WHAT THE EXERCISE ASKS
Please write out all of the entries exactly as they appear.

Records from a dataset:
══════════════════════════════
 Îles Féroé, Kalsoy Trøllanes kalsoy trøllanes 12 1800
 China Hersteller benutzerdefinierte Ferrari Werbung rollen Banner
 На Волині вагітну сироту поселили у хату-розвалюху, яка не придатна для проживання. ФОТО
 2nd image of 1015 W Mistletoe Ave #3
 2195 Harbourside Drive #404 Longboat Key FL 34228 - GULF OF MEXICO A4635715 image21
══════════════════════════════
WRITTEN ANSWER
 Îles Féroé, Kalsoy Trøllanes kalsoy trøllanes 12 1800
 China Hersteller benutzerdefinierte Ferrari Werbung rollen Banner
 На Волині вагітну сироту поселили у хату-розвалюху, яка не придатна для проживання. ФОТО
 2nd image of 1015 W Mistletoe Ave #3
 2195 Harbourside Drive #404 Longboat Key FL 34228 - GULF OF MEXICO A4635715 image21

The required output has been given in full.